Maybe I just got really lucky with Alexander, but I remember being really scared about giving birth. I was terrified that I would be a wreck and it would feel like torture. But honestly, it wasn't that bad. I remember fearing that my water would break while I was swimming and wondering if I would know it had happened (this is due to the fact that I swam just about every day while pregnant, and had planned to go swimming the day Alexander was born). Well, luckily, my water broke in bed at about 5:30 am. It felt just like Alexander took his little fist and punched me and then my water broke. I remember waking up Scott and telling him that I thought my water had broken. Then when I was sure (only a few minutes later), we leisurely got our bags together, and drove to the hospital. It was great. I remember taking in the beautiful sunrise and thinking, "Today I am going to have a baby." I had the mildest of contractions going on, and the nurse even had to point out when I was having contractions. This meant they had to induce me and put me on pitocin so that the contractions would start working and we could have the baby, since my water had already broken. For the first part of the day, I felt great, just some mild contractions here and there. We listened to the music we brought to the hospital, and played card games. At about noon though, I was to my breaking point. That is when I decided that I would indeed have an epidural (something I was hoping not to have to do). But let me tell you something, my decision to have an epidural was the best decision I ever made! I went from tears streaming down my face in pain, to laughing out loud while we watched Brian Reegan hospital skits on Scott's laptop with the nurse. I actually almost fell asleep, and they had to wake me up because I was fully dilated. Once I started pushing, Alexander came pretty fast. He was born at 3:07 pm, on August 11, 2011. I had been in labor for a mere ten hours (if you start from when my water broke). When I held him in my arms for the first time, I remember thinking, "He is the most perfect little boy I have ever seen." I immediately started to cry. One could argue that I may think labor was awful if I didn't have an epidural, or ended up with complications, or a c-section. Maybe they are right. For some people, it could be an awful scary experience. But for me, it was the most joyous day of my life so far.
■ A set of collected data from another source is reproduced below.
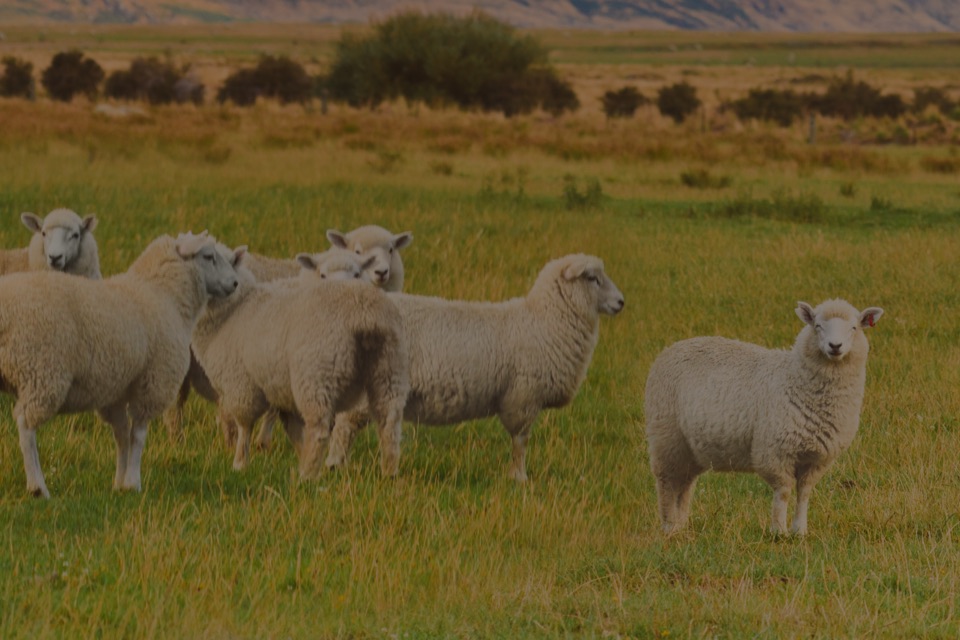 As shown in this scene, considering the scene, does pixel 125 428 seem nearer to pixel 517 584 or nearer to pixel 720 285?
pixel 517 584

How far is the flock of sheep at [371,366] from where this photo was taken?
20.8 ft

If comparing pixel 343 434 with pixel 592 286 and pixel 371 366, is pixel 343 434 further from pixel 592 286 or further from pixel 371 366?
pixel 592 286

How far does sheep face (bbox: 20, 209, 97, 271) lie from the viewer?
29.8ft

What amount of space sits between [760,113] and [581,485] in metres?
47.5

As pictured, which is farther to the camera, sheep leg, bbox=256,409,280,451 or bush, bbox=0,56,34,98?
bush, bbox=0,56,34,98

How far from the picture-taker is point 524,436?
7.84 m

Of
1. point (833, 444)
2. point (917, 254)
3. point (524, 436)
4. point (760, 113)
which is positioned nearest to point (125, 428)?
point (524, 436)

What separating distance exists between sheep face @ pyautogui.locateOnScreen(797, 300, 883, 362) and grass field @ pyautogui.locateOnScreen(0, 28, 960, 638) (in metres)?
0.90

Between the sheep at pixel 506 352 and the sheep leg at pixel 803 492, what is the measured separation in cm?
166

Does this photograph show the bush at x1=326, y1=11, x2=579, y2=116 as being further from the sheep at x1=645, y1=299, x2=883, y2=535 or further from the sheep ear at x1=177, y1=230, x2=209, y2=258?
the sheep at x1=645, y1=299, x2=883, y2=535

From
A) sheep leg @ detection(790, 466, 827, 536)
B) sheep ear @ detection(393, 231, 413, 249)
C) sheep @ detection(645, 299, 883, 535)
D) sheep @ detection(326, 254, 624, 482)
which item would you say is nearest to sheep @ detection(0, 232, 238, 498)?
sheep @ detection(326, 254, 624, 482)

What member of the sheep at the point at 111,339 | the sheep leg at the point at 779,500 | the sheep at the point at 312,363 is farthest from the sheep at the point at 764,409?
the sheep at the point at 111,339

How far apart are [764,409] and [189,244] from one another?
334 cm

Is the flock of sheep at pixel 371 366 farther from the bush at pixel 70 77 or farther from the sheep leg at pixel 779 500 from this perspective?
the bush at pixel 70 77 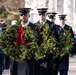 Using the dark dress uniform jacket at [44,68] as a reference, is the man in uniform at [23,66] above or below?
above

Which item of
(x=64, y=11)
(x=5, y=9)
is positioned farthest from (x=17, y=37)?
(x=5, y=9)

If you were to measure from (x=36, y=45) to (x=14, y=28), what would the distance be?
524mm

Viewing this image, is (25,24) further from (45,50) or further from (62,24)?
(62,24)

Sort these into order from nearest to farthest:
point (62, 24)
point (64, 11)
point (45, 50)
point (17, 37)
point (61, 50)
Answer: point (17, 37) → point (45, 50) → point (61, 50) → point (62, 24) → point (64, 11)

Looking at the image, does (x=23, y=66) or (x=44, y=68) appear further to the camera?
(x=44, y=68)

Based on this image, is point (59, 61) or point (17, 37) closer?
point (17, 37)

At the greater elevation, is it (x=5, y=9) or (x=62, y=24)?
(x=62, y=24)

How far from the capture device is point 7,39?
10.9 metres

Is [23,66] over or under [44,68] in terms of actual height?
over

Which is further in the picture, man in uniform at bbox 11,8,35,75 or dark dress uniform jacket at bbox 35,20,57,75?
dark dress uniform jacket at bbox 35,20,57,75

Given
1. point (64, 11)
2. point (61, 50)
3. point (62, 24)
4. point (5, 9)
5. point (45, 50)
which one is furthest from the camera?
point (5, 9)

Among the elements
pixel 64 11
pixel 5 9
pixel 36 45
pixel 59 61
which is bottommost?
pixel 5 9

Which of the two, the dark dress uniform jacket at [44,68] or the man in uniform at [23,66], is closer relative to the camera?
the man in uniform at [23,66]

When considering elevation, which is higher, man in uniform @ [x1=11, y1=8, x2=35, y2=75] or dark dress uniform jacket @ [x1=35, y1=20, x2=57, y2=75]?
man in uniform @ [x1=11, y1=8, x2=35, y2=75]
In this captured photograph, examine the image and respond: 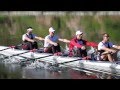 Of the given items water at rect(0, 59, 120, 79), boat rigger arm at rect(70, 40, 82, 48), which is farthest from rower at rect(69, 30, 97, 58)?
water at rect(0, 59, 120, 79)

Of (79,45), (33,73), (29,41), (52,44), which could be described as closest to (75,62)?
(79,45)

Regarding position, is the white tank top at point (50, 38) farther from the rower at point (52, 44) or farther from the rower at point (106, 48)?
the rower at point (106, 48)

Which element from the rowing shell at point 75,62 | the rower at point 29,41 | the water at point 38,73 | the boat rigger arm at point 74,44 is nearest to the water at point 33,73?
the water at point 38,73

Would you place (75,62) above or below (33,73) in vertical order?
above

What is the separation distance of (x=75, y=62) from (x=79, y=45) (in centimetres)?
35

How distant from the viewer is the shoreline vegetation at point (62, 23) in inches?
337

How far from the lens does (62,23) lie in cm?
907

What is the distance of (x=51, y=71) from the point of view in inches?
353

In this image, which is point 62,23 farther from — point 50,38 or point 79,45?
point 50,38

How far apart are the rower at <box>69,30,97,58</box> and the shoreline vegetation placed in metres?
0.11

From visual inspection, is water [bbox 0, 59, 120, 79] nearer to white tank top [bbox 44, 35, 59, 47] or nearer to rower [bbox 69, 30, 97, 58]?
rower [bbox 69, 30, 97, 58] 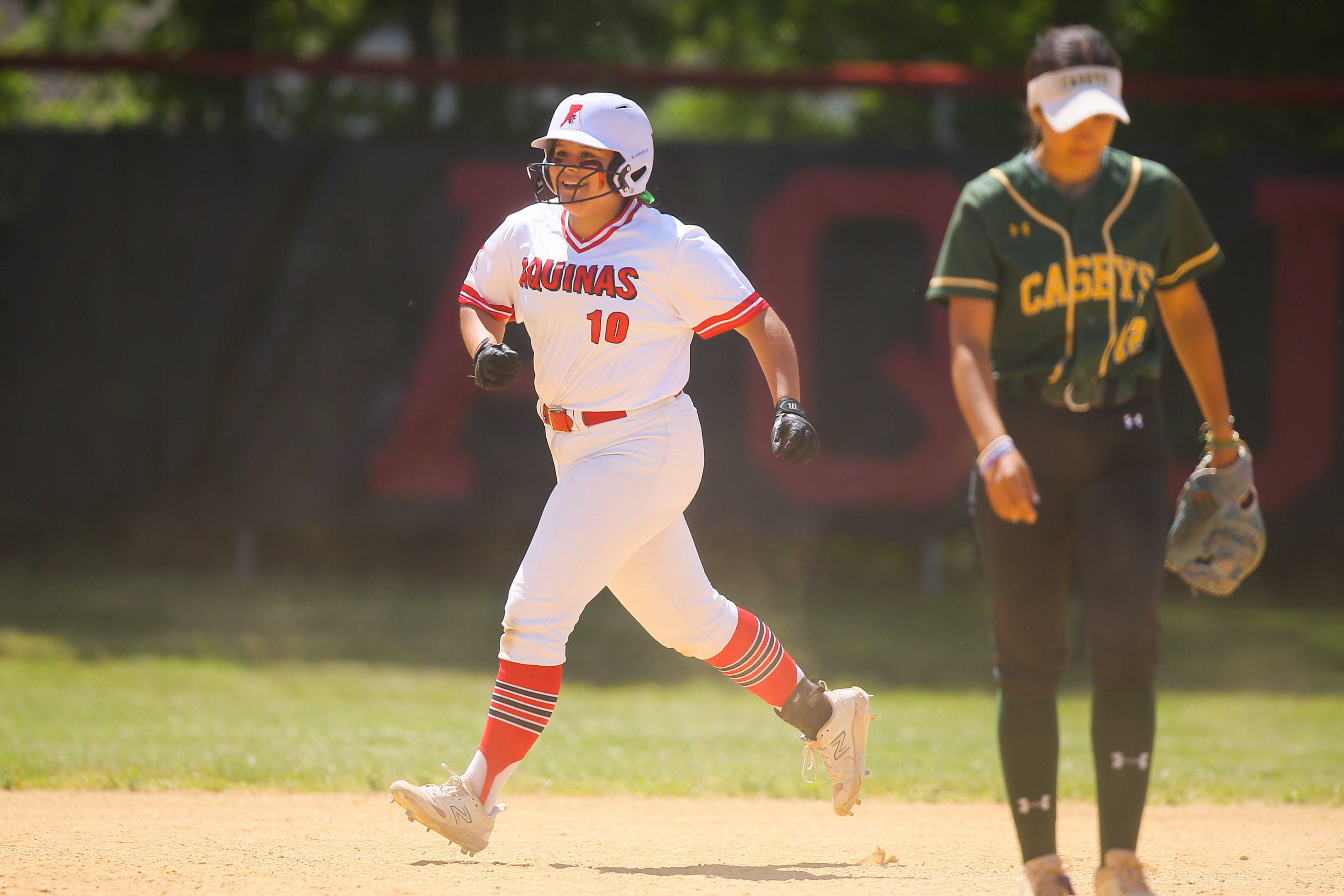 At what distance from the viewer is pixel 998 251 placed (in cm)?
332

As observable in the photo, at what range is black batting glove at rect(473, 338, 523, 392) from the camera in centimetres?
407

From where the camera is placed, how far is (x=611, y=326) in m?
4.11

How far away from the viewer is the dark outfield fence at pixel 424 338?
9.16 metres

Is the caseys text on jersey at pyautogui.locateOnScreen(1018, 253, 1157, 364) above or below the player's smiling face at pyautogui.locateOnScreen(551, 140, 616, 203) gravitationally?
below

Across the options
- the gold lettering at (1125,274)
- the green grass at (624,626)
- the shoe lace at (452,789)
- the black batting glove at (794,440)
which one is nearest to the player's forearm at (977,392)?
the gold lettering at (1125,274)

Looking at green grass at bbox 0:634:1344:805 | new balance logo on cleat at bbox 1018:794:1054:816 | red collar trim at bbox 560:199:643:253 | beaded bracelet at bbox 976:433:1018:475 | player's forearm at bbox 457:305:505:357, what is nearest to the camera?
beaded bracelet at bbox 976:433:1018:475

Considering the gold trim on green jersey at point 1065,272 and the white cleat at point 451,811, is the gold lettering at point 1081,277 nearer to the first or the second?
the gold trim on green jersey at point 1065,272

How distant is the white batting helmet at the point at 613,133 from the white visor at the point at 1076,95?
4.12ft

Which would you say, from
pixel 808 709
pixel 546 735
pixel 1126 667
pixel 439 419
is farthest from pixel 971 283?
pixel 439 419

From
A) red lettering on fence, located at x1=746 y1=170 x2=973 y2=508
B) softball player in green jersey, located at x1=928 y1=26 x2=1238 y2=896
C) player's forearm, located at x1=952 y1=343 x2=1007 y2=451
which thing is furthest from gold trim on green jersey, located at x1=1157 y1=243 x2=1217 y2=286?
red lettering on fence, located at x1=746 y1=170 x2=973 y2=508

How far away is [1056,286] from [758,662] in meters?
1.67

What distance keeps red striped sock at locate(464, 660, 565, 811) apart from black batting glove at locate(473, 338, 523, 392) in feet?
2.65

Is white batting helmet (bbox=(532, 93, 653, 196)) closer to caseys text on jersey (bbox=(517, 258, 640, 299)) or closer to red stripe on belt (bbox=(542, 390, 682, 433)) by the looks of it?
caseys text on jersey (bbox=(517, 258, 640, 299))

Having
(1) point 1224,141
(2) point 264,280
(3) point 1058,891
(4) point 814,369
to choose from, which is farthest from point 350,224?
(3) point 1058,891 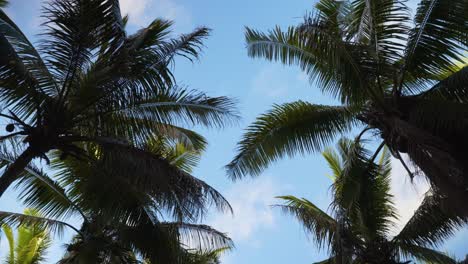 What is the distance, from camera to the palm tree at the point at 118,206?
944cm

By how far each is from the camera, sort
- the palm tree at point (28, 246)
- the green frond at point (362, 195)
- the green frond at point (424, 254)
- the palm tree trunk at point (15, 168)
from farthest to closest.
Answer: the palm tree at point (28, 246)
the green frond at point (424, 254)
the green frond at point (362, 195)
the palm tree trunk at point (15, 168)

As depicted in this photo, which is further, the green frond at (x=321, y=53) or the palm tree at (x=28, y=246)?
the palm tree at (x=28, y=246)

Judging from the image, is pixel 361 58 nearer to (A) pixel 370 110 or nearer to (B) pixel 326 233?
(A) pixel 370 110

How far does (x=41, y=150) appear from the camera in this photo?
8992mm

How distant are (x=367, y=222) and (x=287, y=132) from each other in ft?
12.0

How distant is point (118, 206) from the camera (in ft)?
35.5

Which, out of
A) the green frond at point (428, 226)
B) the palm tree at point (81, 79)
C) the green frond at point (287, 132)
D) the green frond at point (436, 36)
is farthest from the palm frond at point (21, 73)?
the green frond at point (428, 226)

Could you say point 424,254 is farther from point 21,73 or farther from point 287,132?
point 21,73

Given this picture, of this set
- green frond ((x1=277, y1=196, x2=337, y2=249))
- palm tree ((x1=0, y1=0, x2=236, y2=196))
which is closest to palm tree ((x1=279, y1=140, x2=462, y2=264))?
green frond ((x1=277, y1=196, x2=337, y2=249))

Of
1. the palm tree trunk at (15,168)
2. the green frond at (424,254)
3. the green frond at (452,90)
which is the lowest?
the palm tree trunk at (15,168)

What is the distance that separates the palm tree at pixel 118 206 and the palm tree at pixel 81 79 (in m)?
0.62

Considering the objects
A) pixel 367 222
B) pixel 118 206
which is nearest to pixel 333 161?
pixel 367 222

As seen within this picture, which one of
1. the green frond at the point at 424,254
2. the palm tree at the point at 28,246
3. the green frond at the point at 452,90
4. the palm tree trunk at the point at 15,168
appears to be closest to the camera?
the palm tree trunk at the point at 15,168

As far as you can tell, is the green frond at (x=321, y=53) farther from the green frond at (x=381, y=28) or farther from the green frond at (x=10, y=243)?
the green frond at (x=10, y=243) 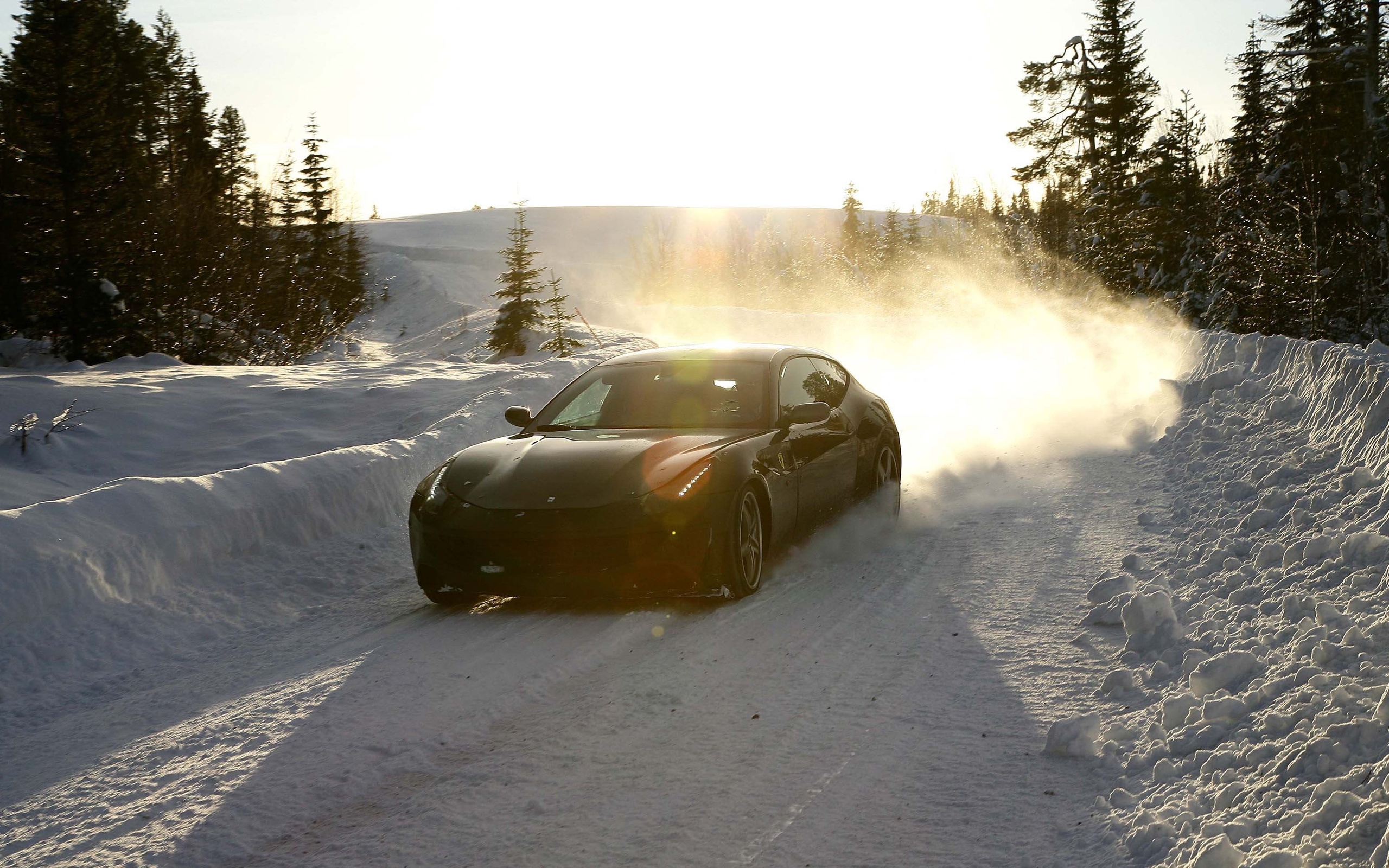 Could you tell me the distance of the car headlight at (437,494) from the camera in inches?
247

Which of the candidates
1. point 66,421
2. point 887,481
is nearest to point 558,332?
point 66,421

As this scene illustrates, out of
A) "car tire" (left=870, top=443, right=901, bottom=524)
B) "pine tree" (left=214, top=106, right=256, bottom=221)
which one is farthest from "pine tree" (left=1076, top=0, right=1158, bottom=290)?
"car tire" (left=870, top=443, right=901, bottom=524)

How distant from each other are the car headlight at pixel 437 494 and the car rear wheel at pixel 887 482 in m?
3.53

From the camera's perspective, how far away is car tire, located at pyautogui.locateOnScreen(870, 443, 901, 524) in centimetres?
A: 864

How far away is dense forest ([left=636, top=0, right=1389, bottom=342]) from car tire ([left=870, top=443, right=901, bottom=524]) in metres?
10.0

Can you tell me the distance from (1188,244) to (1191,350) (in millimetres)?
31983

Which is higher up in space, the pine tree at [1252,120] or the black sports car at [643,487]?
the pine tree at [1252,120]

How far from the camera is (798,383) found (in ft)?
26.1

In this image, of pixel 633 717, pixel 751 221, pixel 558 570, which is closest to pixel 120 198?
pixel 558 570

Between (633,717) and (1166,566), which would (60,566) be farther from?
(1166,566)

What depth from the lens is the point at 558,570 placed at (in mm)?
5918

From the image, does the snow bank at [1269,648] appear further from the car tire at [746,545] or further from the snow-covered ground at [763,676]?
the car tire at [746,545]

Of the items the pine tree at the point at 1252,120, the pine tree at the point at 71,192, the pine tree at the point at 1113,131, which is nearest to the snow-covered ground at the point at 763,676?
the pine tree at the point at 71,192

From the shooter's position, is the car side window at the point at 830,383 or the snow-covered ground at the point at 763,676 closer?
the snow-covered ground at the point at 763,676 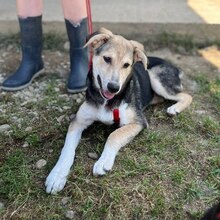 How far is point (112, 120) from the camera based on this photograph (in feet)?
12.0

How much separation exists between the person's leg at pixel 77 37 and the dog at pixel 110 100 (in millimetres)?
654

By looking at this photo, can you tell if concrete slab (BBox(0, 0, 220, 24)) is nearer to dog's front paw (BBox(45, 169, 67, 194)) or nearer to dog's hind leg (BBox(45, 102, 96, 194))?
dog's hind leg (BBox(45, 102, 96, 194))

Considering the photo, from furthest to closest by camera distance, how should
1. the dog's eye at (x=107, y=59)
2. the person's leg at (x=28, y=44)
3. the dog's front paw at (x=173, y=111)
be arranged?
the person's leg at (x=28, y=44) < the dog's front paw at (x=173, y=111) < the dog's eye at (x=107, y=59)

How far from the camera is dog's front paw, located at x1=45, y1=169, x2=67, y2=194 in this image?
121 inches

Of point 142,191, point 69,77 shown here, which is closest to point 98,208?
point 142,191

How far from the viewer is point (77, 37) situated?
4.35 metres

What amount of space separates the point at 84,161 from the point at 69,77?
1.30 m

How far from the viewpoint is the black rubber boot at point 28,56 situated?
4371mm

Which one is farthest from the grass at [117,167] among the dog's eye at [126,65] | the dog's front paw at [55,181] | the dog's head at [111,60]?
the dog's eye at [126,65]

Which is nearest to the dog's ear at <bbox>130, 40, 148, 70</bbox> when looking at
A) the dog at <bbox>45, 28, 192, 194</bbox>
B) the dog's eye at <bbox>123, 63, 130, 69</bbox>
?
the dog at <bbox>45, 28, 192, 194</bbox>

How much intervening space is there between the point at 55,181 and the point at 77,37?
5.65 ft

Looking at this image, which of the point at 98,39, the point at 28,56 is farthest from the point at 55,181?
the point at 28,56

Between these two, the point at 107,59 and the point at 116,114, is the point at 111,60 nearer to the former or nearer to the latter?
the point at 107,59

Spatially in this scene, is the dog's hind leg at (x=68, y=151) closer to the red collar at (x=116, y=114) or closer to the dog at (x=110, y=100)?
the dog at (x=110, y=100)
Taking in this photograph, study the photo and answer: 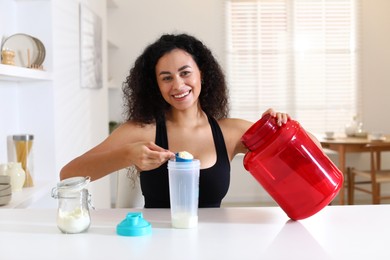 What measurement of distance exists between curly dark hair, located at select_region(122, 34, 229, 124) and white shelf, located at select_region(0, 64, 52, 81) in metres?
0.48

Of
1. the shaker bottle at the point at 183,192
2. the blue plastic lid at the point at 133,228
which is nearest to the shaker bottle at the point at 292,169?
the shaker bottle at the point at 183,192

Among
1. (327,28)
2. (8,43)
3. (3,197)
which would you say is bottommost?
(3,197)

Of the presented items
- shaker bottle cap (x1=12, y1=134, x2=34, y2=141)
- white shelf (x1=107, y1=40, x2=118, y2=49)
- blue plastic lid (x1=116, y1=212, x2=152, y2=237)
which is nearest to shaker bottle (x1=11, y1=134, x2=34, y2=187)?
shaker bottle cap (x1=12, y1=134, x2=34, y2=141)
Lesson #2: Being a nanny doesn't prepare you for everything!
I remember as the days got near delivery, thinking that I was really prepared to be a mother. We were financially stable, my husband had a great job that he loved, and I had spent years as a nanny caring for young children and even multiple children at a time. I thought, "How hard could it be?" Boy was I wrong! There was so much to being a full-time mother vs. a full-time nanny, that I didn't even think about! As a nanny, the parents would tell me how they wanted me to care for their child and set the schedule. As a parent, I was faced with questions like, "Is he getting enough milk? Should I let him cry it out so he can learn to sleep through the night? Is now a good time to start solids? Does his high temperature mean we should take him in? Could this allergic reaction be serious?" The list goes on and on. I learned that for the first time in caring for children, I was the one who had to decide what was best for my child (with Scott's help of course)! It was scary to know if I was doing the right thing. I felt like I was constantly reading books to try and determine what was best for Alexander. Don't get me wrong, being a nanny did help me out. I was able to use the things I learned from watching other children and apply them to watching Alexander. But all in all, it felt like a whole new ball game because I had to be the one to decide what was best. It gave me a headache most days, and many tears were shed, but in the end I just had to remind myself that I was doing the best I could with the knowledge I had gained.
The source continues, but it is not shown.